The RBI introduced new Rs 500 and Rs 2,000 notes after demonetising old Rs 500 and Rs 1,000 notes on November 8.

“In order to improve availability, direct remittances were increasingly sent to various currency chests from the printing presses. More than 100 direct remittances were sent to currency chests in various issue circles,” the RBI said. Banks managing the currency chests were allowed to make inter-circle diversions at their discretion to even out cash availability, it said. There was reimbursement of cost for finished banknotes, work in progress, raw materials, etc. as the printing presses had to discontinue printing of Rs 500 and Rs 1,000 denomination banknotes which were withdrawn in November 2016.

The total supply of notes was 3.5 per cent higher than the indent placed with the printing presses for 2016-17, while the indent itself was higher by around 17.4 per cent than that of the previous year, the RBI said.

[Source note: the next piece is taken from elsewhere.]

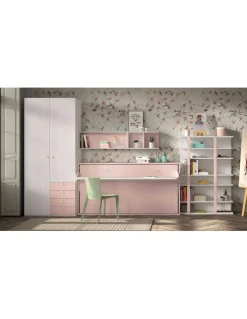 Composición Dormitorio Juvenil F257 | Glicerio Chaves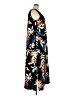 Fox + Royal 100% Polyester Tropical Black Casual Dress Size 3X - photo 4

As a result of the high cost incurred for printing notes as part of remonetisation of currency and provisions, the total expenditure of the Reserve Bank increased by 107.84 per cent from Rs 14,990 crore in 2015-16 to Rs 31,155 crore in 2016-17, according to the RBI’s Annual Report, Supply of notes during the year at 29,043 million pieces was 37 per cent higher than the total supply during previous year (21,195 million pieces). Supply of higher denomination notes during 2016-17 was 13,702 million pieces as against 5,268 million pieces supplied in 2015-16, higher by 160 per cent, the RBI said.

In its Right to Information (RTI) reply to an application filed by The Indian Express, the RBI had said the Central Board discussed and approved the proposal to introduce Rs 2,000 notes on May 19 last year.